Short descriptive text snippets:
==================================================
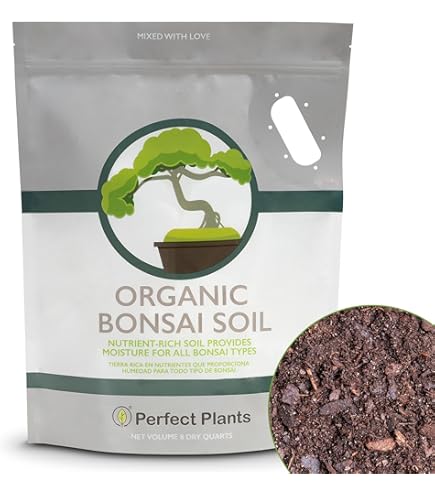 Amazon.com: Espoma Organic & Natural Bonsai Soil - All-Purpose Bonsai Tree  Soil Mix, All-Natural Organic Material Great for All Bonsai Trees  Nutrient-Rich Bonsai Soil Mixture (4 Quarts) : Patio, Lawn & Garden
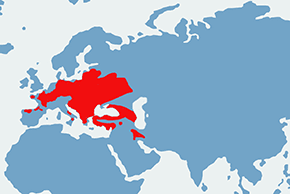 Dzięcioł średni – mapa występowania na świecie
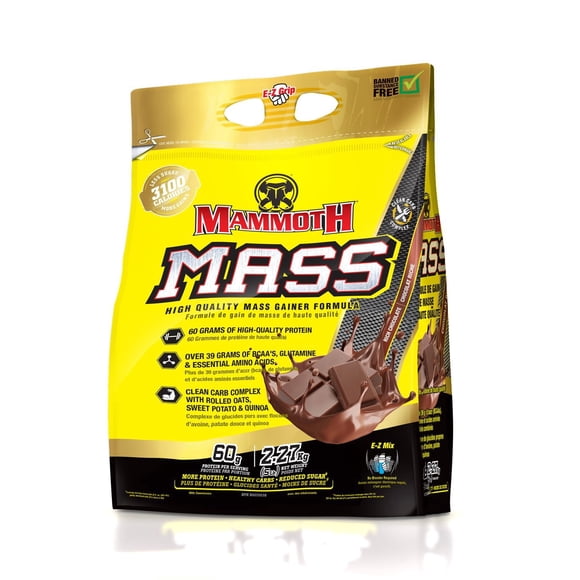 Mammoth Mass Rich Chocolate 5lb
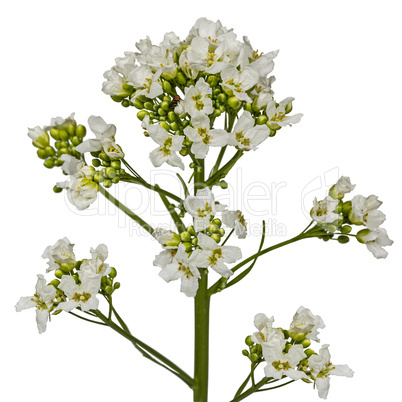 Flower horseradish (Armoracia P. Gaertn), isolated on white back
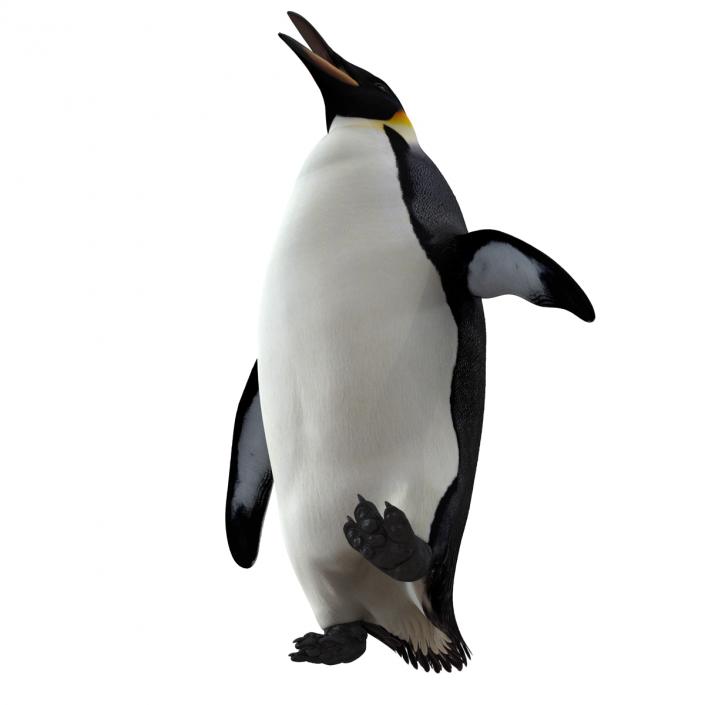 Penguin Pose 2 3D model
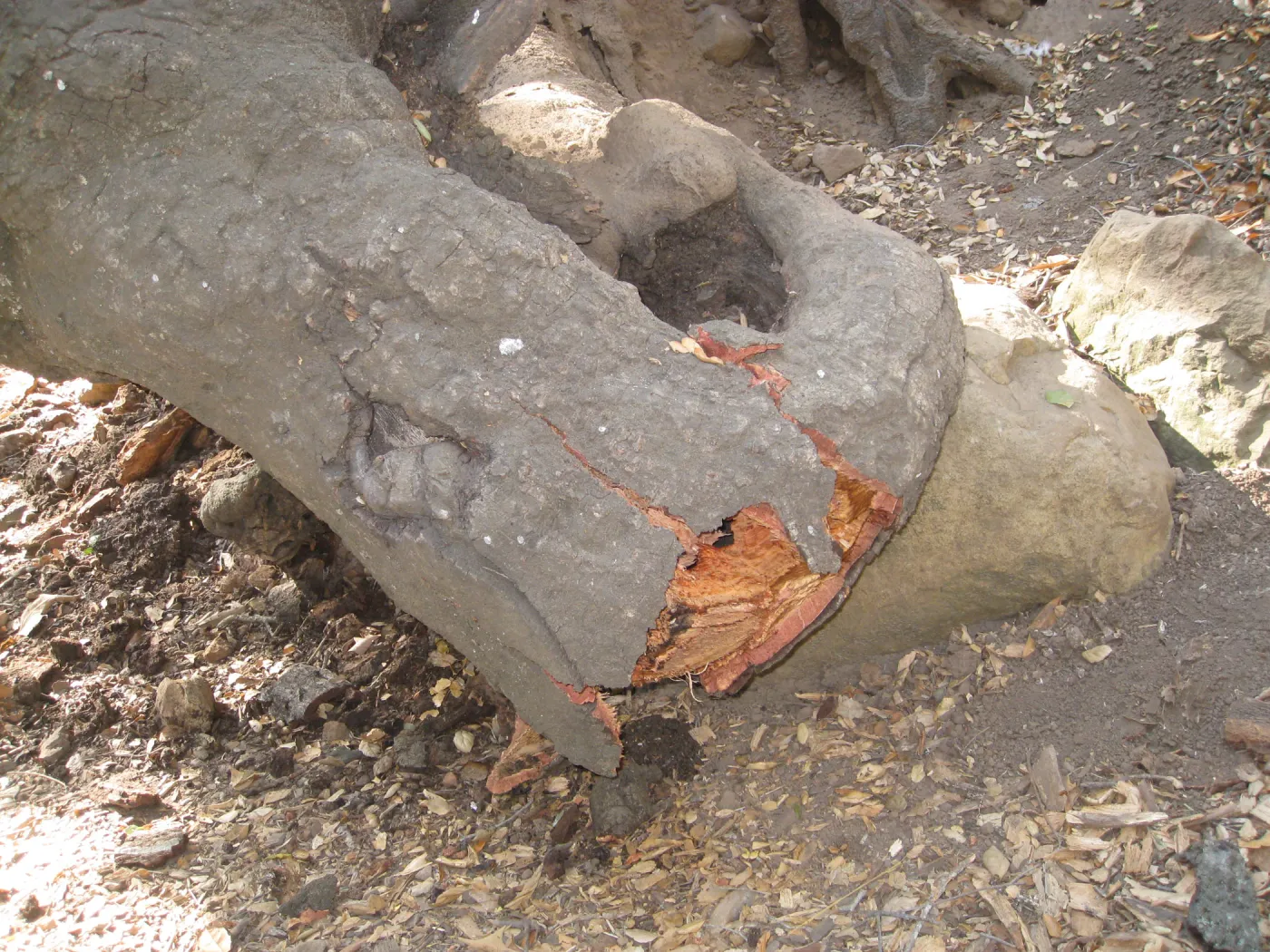 Demise of coast live oak with Ruth Emmanuel boulder, in Canyon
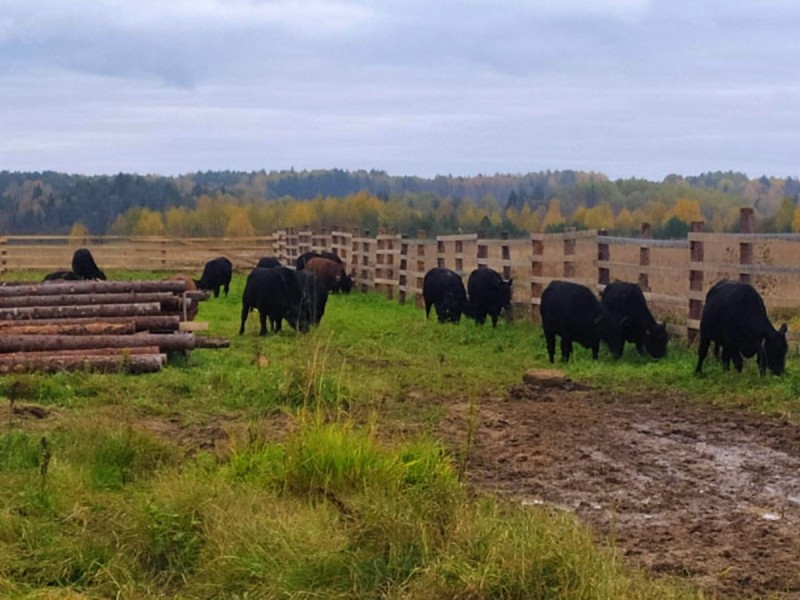 Проект по развитию мясного животноводства в Прилузском районе получил господдержку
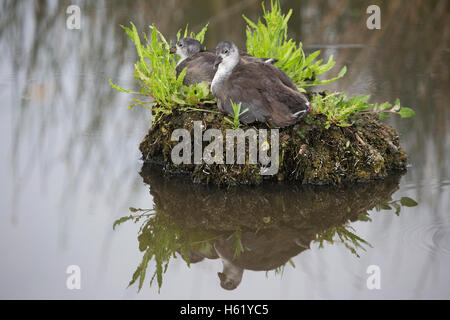 American Coot (Fulica americana) Küken, die auf einem Bummock im prärieschlacht im Frank Lake Conservation Area, Alberta, Kanada, thronen Stockfoto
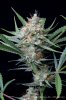 cannabis-spacejill5-d44-3133.jpg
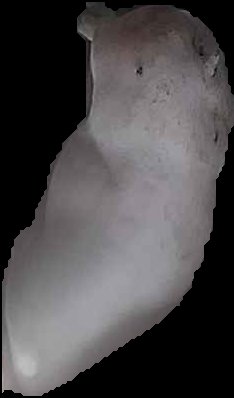 Crop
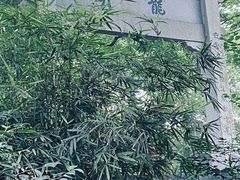 -龙井壹号·茶缘山景宴(龙井村店)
==================================================
■ GOAL OF THE EXERCISE
A verbatim copy of every record is to be produced, and pictures are to be excluded from it.

■ TASK RESPONSE
 Amazon.com: Espoma Organic & Natural Bonsai Soil - All-Purpose Bonsai Tree  Soil Mix, All-Natural Organic Material Great for All Bonsai Trees  Nutrient-Rich Bonsai Soil Mixture (4 Quarts) : Patio, Lawn & Garden
 Dzięcioł średni – mapa występowania na świecie
 Mammoth Mass Rich Chocolate 5lb
 Flower horseradish (Armoracia P. Gaertn), isolated on white back
 Penguin Pose 2 3D model
 Demise of coast live oak with Ruth Emmanuel boulder, in Canyon
 Проект по развитию мясного животноводства в Прилузском районе получил господдержку
 American Coot (Fulica americana) Küken, die auf einem Bummock im prärieschlacht im Frank Lake Conservation Area, Alberta, Kanada, thronen Stockfoto
 cannabis-spacejill5-d44-3133.jpg
 Crop
 -龙井壹号·茶缘山景宴(龙井村店)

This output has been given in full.